Tax-exempt organizations need a steady, reliable revenue stream to survive and thrive. But as traditional revenue sources and donations dry up, and competition for scarce resources heats up, more and more organizations are turning to “alternative investments” to generate much-needed cash.

So-called “alternative investments” have the potential for higher returns than traditional investments such as stocks, bonds and property. However, they also carry greater market risk, and the executives, boards of directors and management of organizations have an obligation to fully understand these risks before investing.

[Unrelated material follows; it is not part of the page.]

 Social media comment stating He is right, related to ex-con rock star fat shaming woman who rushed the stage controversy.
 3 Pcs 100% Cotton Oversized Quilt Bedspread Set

In addition to the inherent market risks of hedge funds, private investment funds, commodity funds and private equity funds, tax-exempt organizations run the risk of losing their exempt status if they do not adequately account for alternative investment income and comply with very strict government disclosure requirements.

Alternative Does Not Mean New
First of all, there is a common belief that alternative investments such as hedge funds and private equity funds are something new. This misperception is largely due to their recent unflattering exposure in the popular media. In fact, the first hedge fund was created in 1949. Today, about 12,000 different hedge funds are available to investors in an industry worth more than $1 trillion.

So non-traditional investments are not the new kid on the block, but they are growing, and that’s why tax-exempt organizations need to understand what they are getting into.

Alternative investments are often used as a tool to reduce overall investment risk. They are commonly organized as partnerships or limited liability corporations (LLCs), with income passing through to investors. Taxes are levied at the partner level. While there is potential for high returns from alternative investments, an exempt organization must be aware of the tax implications. One of the most critical is the potential for unrelated business income.

Unrelated Business Income
Typically, income from activities related to an exempt organization’s charitable purposes is not subject to federal income tax. This includes day-to-day operations conducted while carrying out its charitable purpose, certain special fundraising events and income derived from traditional investments (interest, dividends and capital gains).

However, revenue generated from unrelated trade or business may be defined as unrelated business income (UBI). That income may be subject to federal and state taxes. Generally, UBI is income that is not substantially related to the mission on which the organization’s exempt status is based.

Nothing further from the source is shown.